The debate last night between public health advocate Professor Mike Daube and former health minister Tony Abbott – Welcome back nanny? Civil liberties vs the public good – was much tamer than I’d been anticipating. I have written a piece about the Nanny State for today’s Crikey bulletin.
But here is an extract from Daube’s speech that I thought might be of interest to Croakey readers.
It is a section where he cites recent considerations by Sir Kenneth Calman and the Nuffield Council on Bioethics of issues around the relationship between the state’s authority and that of the individual, from the extremes of libertarianism to the collectivist views at the other end of the spectrum.
“They developed what they saw as a proposal to capture the best of the libertarian and paternalistic approaches which they described as ‘the stewardship model’.
This argues that liberal states have responsibilities to look after the important needs of people, both individually and collectively; therefore they are stewards to individual people, taking account of different needs arising from factors such as age, gender, ethnic background or socio-economic status, and to the population as a whole. In their view, the notion of stewardship gives expression to the obligation on states to seek to provide conditions that allow people to be healthy, especially in relation to reducing health inequalities.
What does this mean?
It means that public health programs should:
* Aim to reduce the risks of ill health that people might impose on each other
* Aim to reduce causes of ill health by regulations that ensure environmental conditions that sustain good health – from clean air and water and safe food onwards
* Promote health not only by providing information and advice but also to prevent and assist people deal with unhealthy behaviours
* Seek to ensure that it is easy to lead a healthy life
* Recognize that for many of them there is currently no real choice about how they can live healthily or avoid misinformation.

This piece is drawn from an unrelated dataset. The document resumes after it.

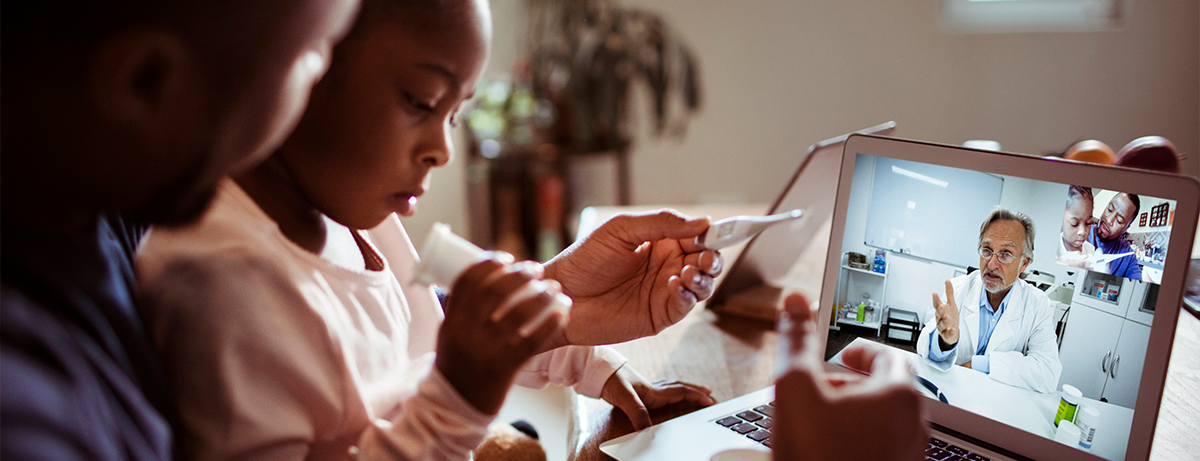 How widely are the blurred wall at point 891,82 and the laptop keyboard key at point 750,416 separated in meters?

* Ensure appropriate access to medical services
* And pay particular attention to protecting the health of children and vulnerable groups and reducing inequalities.
In that context, we should recognize that we:
* Cannot coerce adults other than where there is a clear cause (such as drink-driving)
* Should minimise interventions that are introduced without the consent of those affected or without procedural justice, and
* Should seek to minimise interventions that are perceived as unduly intrusive and in conflict with personal values.
If those principles are broadly accepted, there is then an intervention ladder, starting with doing nothing or monitoring, moving through approaches such as providing information or enabling and offering choices, moving on to restricting choice – for example through removing unhealthy ingredients from foods, as Mayor Bloomberg has done with transfats in New York, and finally moving through to the hardest forms of action – constraint, as with eliminating tobacco advertising, or elimination of any choice – such as compulsory isolation of patients with infectious diseases.
Stewardship also recognizes that it is often the role of the State to make choice a genuine option.
The concept of stewardship recognizes the need to act carefully and deliberately, but also places the onus fairly and squarely on decision-makers to act in the public interest – at times to move to those hard forms of action – and to recognize the consequences if they fail to act.”
Presumably Daube is hoping that the stewardship model might supplant the more simplistic debate that we so often hear around the Nanny State.